▸ **DATA SEGMENT**

□ □ □ □ □

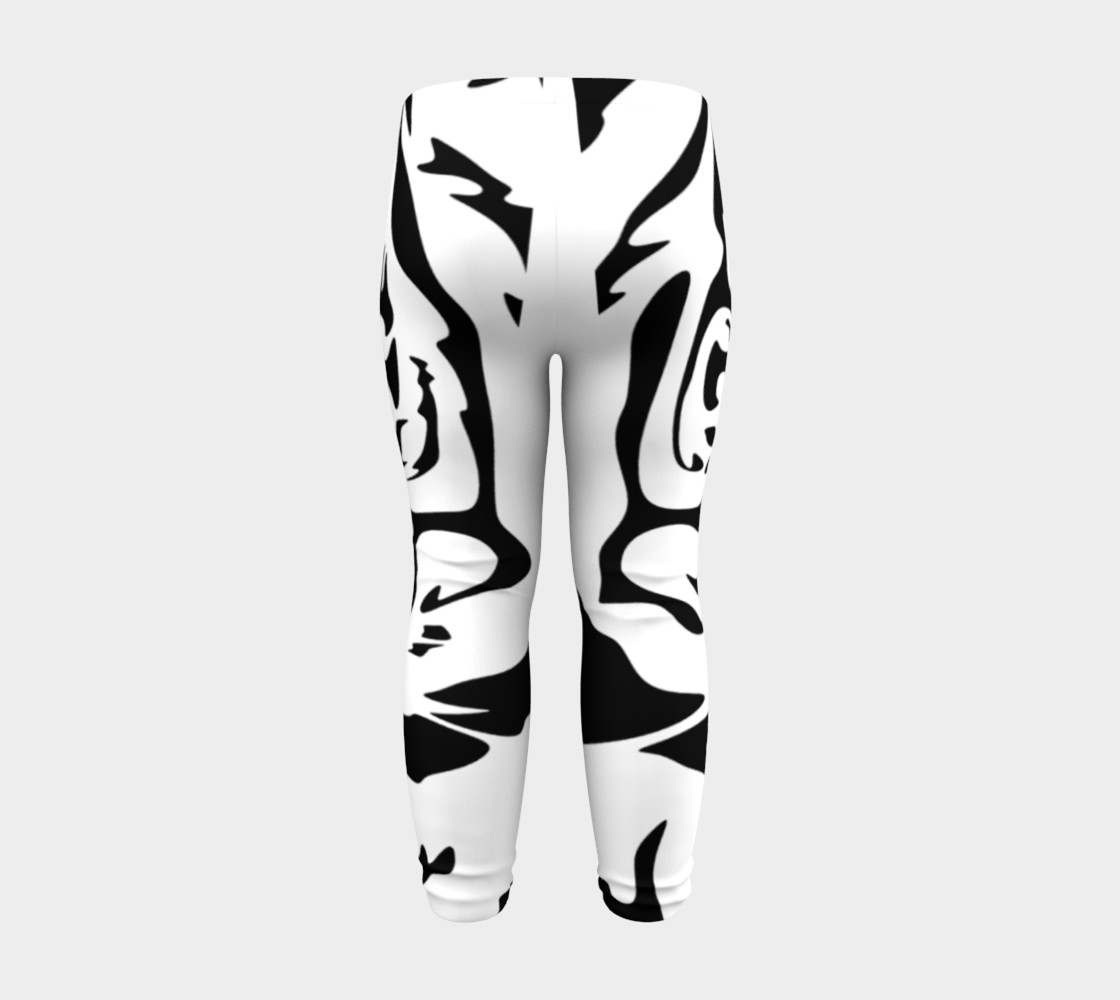 White Tiger Baby Leggings preview #8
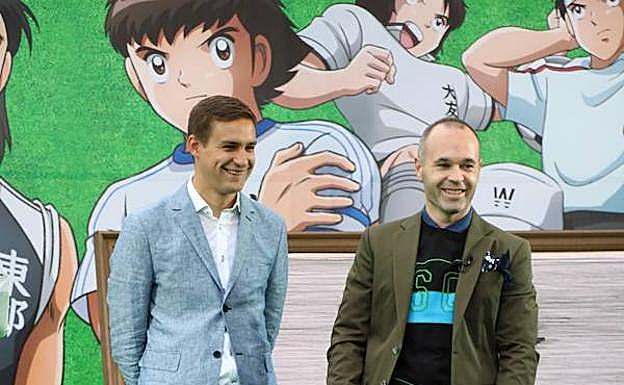 Imagen. Así es la estación de metro dedicada a 'Oliver y Benji'. 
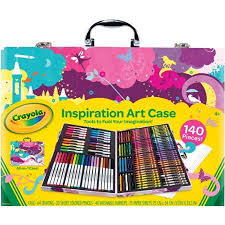 Crayola Inspiration Art Case With 140 Pieces Pink Walmart Com Art Case Crayola Art Pink Art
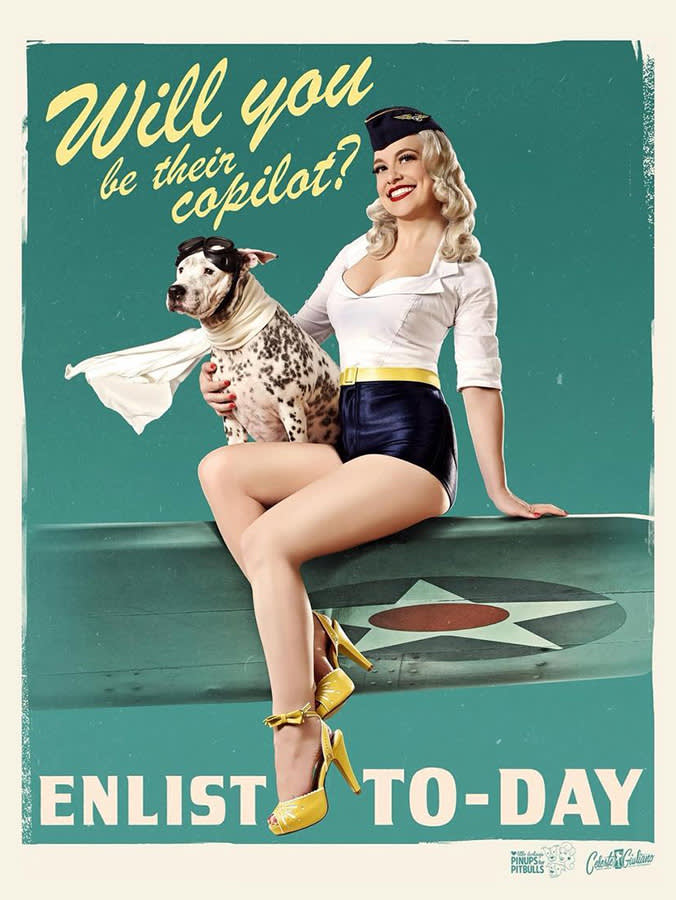 pinups for pitbulls poster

□ □ □ □ □

▸ **EXERCISE REQUIREMENTS**
Copy the whole of the material above exactly, but not its images.

▸ **WRITTEN RESPONSE**
 White Tiger Baby Leggings preview #8
 Imagen. Así es la estación de metro dedicada a 'Oliver y Benji'. 
 Crayola Inspiration Art Case With 140 Pieces Pink Walmart Com Art Case Crayola Art Pink Art
 pinups for pitbulls poster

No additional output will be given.